Short web captions:

=====

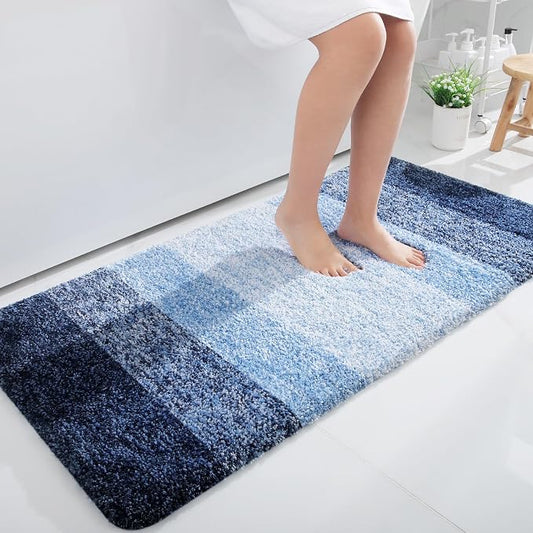 OLANLY Bathroom Runner Rug 40x24, Extra Soft Absorbent Microfiber Bath Rugs | Navy, Non-Slip Quick-Drying Rubber Backing, Machine Washable Long Bath Mat for Floor, Tub and Shower, Home Decor Accessories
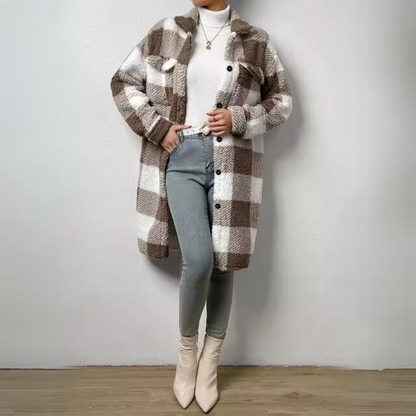 Bojana - Lässiger karierter langer Mantel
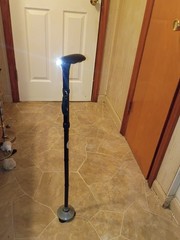 TeleBrands Adjustable Height Walking Cane w/ LED Light, Black/Gray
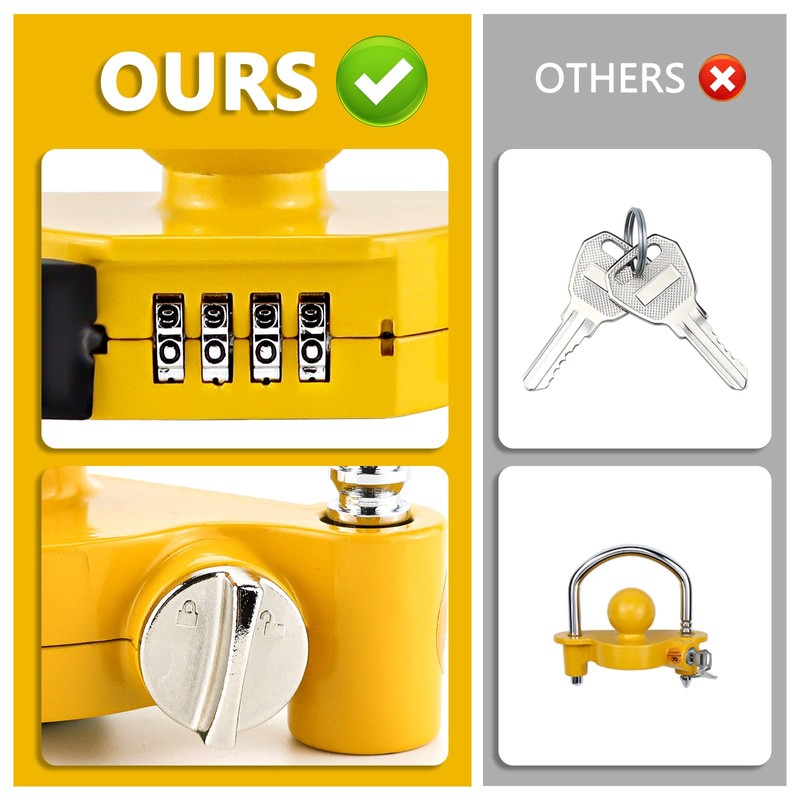Covienapp Trailer Hitch Lock Adjustable Tow Hitch Lock Universal Ball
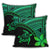 Hawaiian Turtle Plumeria Kakau Polynesian Quilt Pillow Covers Neo Green AH - Polynesian Pride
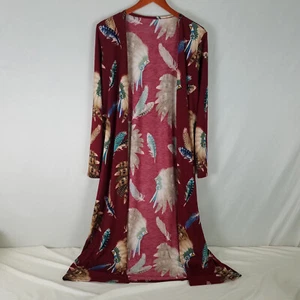 Womens Duster Cardigan Small Maroon Open Indian Headdress Feather Long Sleeve - Picture 1 of 9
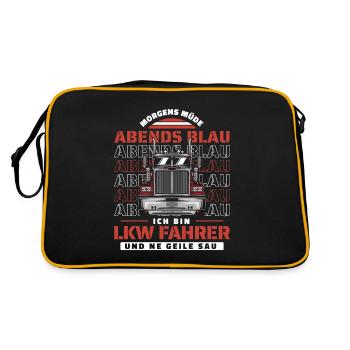 Lkw Fahrer Trucker Lastwagenfahrer - Retro Tasche - Schwarz/Gold - Hinten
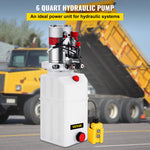 VEVOR 6 Quart Hydraulic Power Unit Single Acting Hydraulic Pump Dump Trailer 12V DC with 6L Metal Reservoir Hydraulic Power Pack for Car Lifting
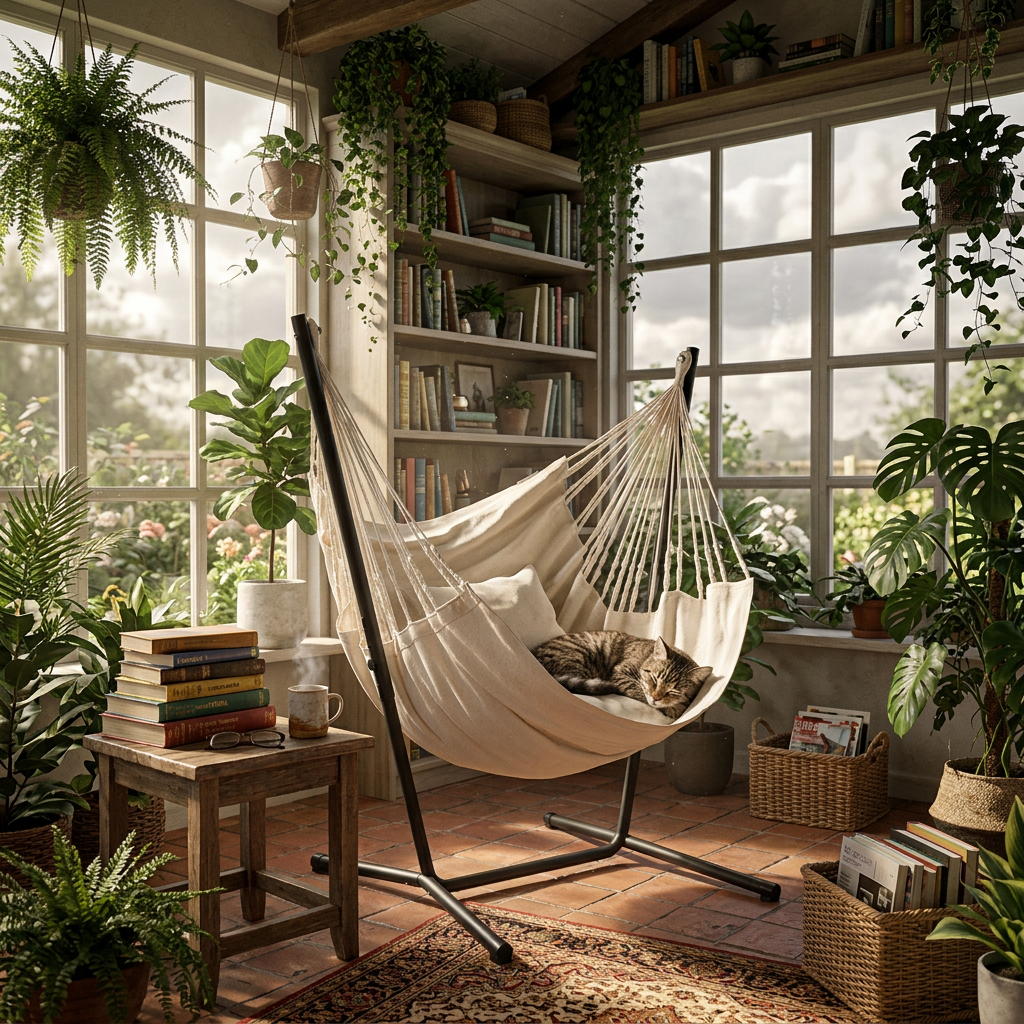 Fiji Organic Latte – Organic Cotton Basic Size Hammock Chair with Galvanized Steel Stand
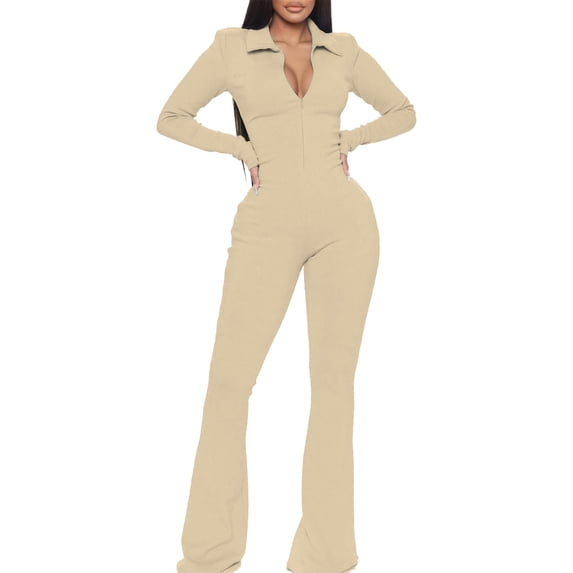 Female Autumn Ladies Office Rompers Flare Pants Zipper Long Sleeve Turndown Collar Plus Size Jumpsuit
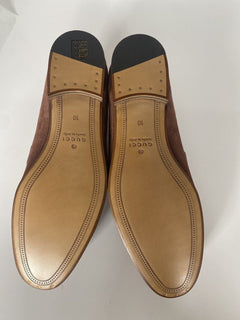 NIB Gucci Herren Horsebit Wildleder Web Mokassin Schuhe Braun 10,5 US (Gucci 10) 581513 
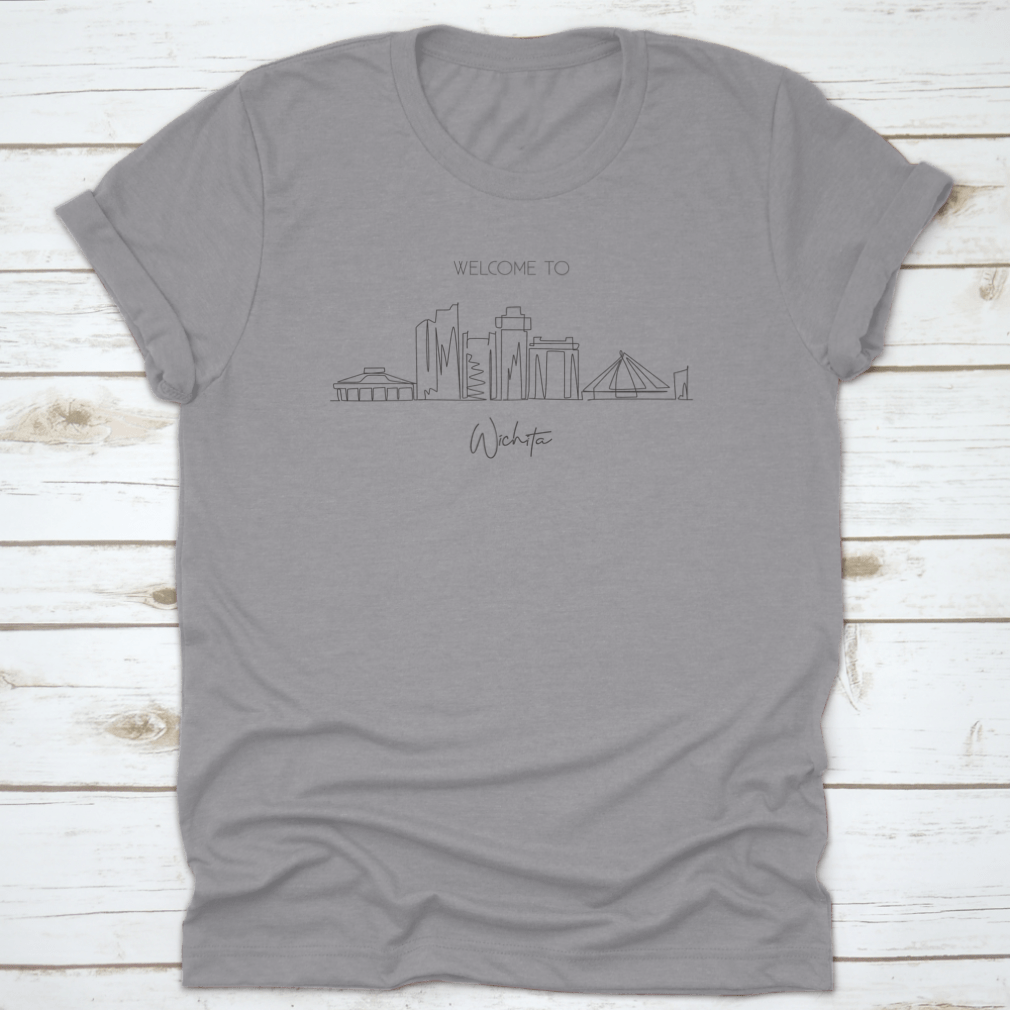 A stylish t-shirt featuring a line drawing of the Wichita City Skyline, showcasing iconic buildings and landmarks in Kansas.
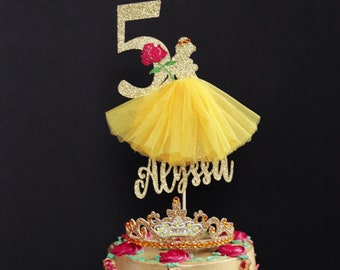 Belle birthday cake topper, Belle cake topper, Princess Dress Cake topper, Personalized cake topper, Belle centerpiece, Belle Birthday Decor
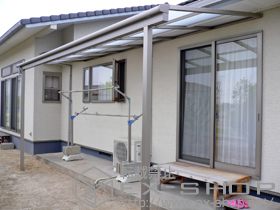 のテラス屋根 ライザーテラスII F型 テラスタイプ 単体 積雪〜20cm対応+ライザーテラスII用部材 施工例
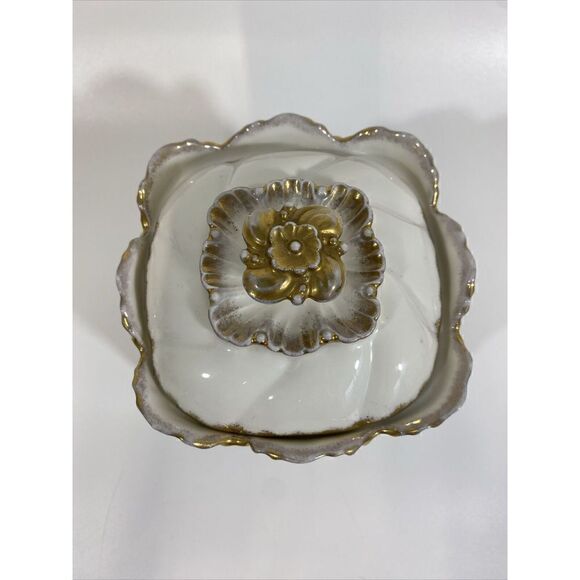 Antique A Lanternier Limoges France Hand Painted Lidded Biscuit Jar Tea Caddy 7" - Picture 3 of 12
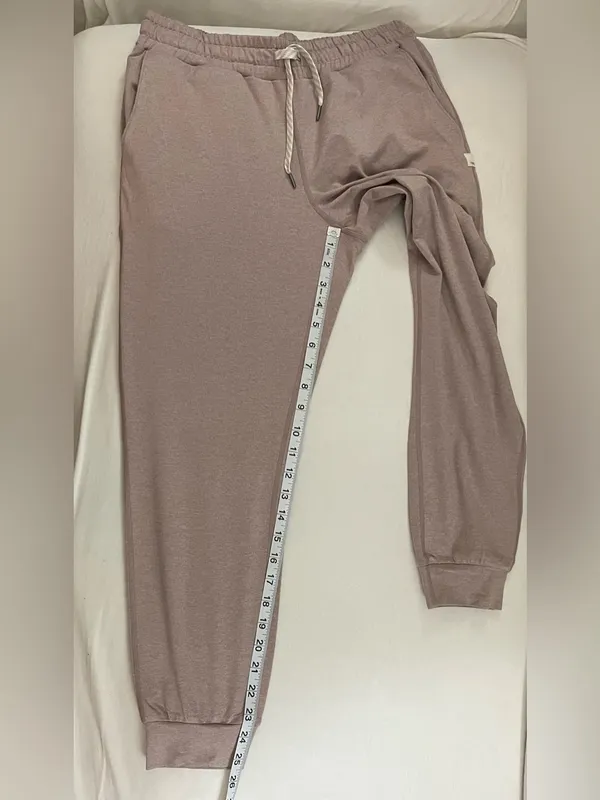Vuori Performance Jogger Cozy Drawstring Pants Heather Dusty Pink Size XS - Image 5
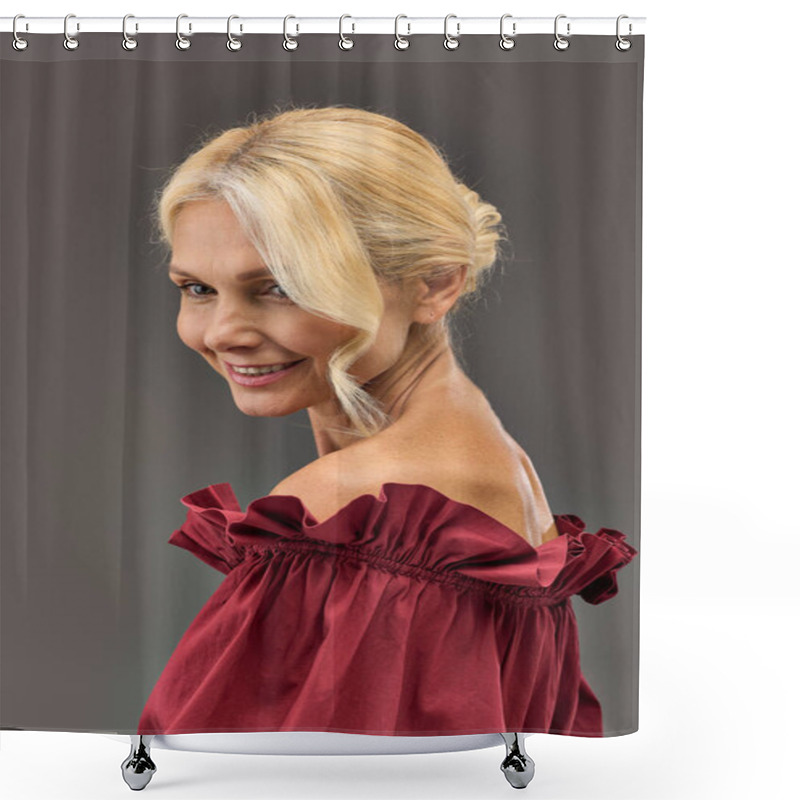 Personality  Mature Woman With Blonde Hair In A Chic Red Dress. Shower Curtains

=====

### Work instruction
Beginning at the line above that contains "Female Autumn Ladies", repeat each line exactly through the one that contains "のテラス屋根 ライザーテラスII F型", and leave out the pictures.

### Answer space
 Female Autumn Ladies Office Rompers Flare Pants Zipper Long Sleeve Turndown Collar Plus Size Jumpsuit
 NIB Gucci Herren Horsebit Wildleder Web Mokassin Schuhe Braun 10,5 US (Gucci 10) 581513 
 A stylish t-shirt featuring a line drawing of the Wichita City Skyline, showcasing iconic buildings and landmarks in Kansas.
 Belle birthday cake topper, Belle cake topper, Princess Dress Cake topper, Personalized cake topper, Belle centerpiece, Belle Birthday Decor
 のテラス屋根 ライザーテラスII F型 テラスタイプ 単体 積雪〜20cm対応+ライザーテラスII用部材 施工例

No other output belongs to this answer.